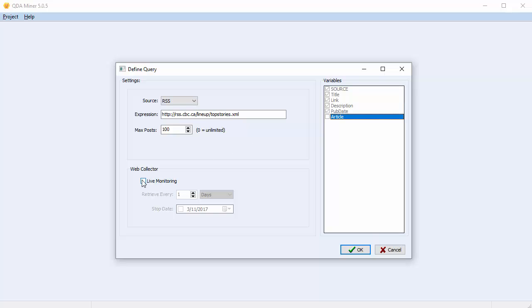The Live Monitoring option allows you to monitor the RSS feed going forward and collect RSS posts using an external tool called the Web Collector. You can access the Web Collector through the System Tray and the Windows Start menu.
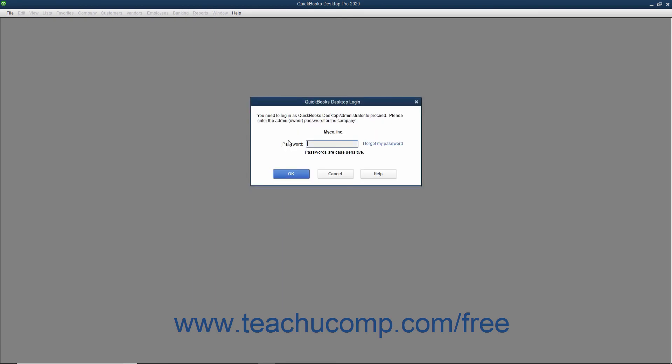You must then enter the password for the administrator account into the password field in the QuickBooks Login dialog box that appears, and click the OK button to finish restoring the company file.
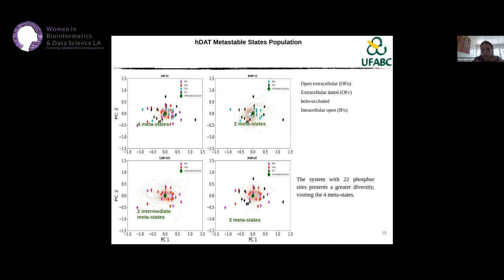When Serine 12 is not phosphorylated, we have just two metastates: OFU (open to extracellular region) and IFU (open to intracellular region). When Serine 333 is not phosphorylated, we have only intermediate states and no open state. These data corroborate the experimental findings, showing that phosphorylation displaces the population of metastates — in different situations the metastates occupy different minimum energy regions.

= = = = = = =

Copy the material shown above in full and exactly. Skip the pictures.

* Reply
The Live Monitoring option allows you to monitor the RSS feed going forward and collect RSS posts using an external tool called the Web Collector. You can access the Web Collector through the System Tray and the Windows Start menu.
You must then enter the password for the administrator account into the password field in the QuickBooks Login dialog box that appears, and click the OK button to finish restoring the company file.
When Serine 12 is not phosphorylated, we have just two metastates: OFU (open to extracellular region) and IFU (open to intracellular region). When Serine 333 is not phosphorylated, we have only intermediate states and no open state. These data corroborate the experimental findings, showing that phosphorylation displaces the population of metastates — in different situations the metastates occupy different minimum energy regions.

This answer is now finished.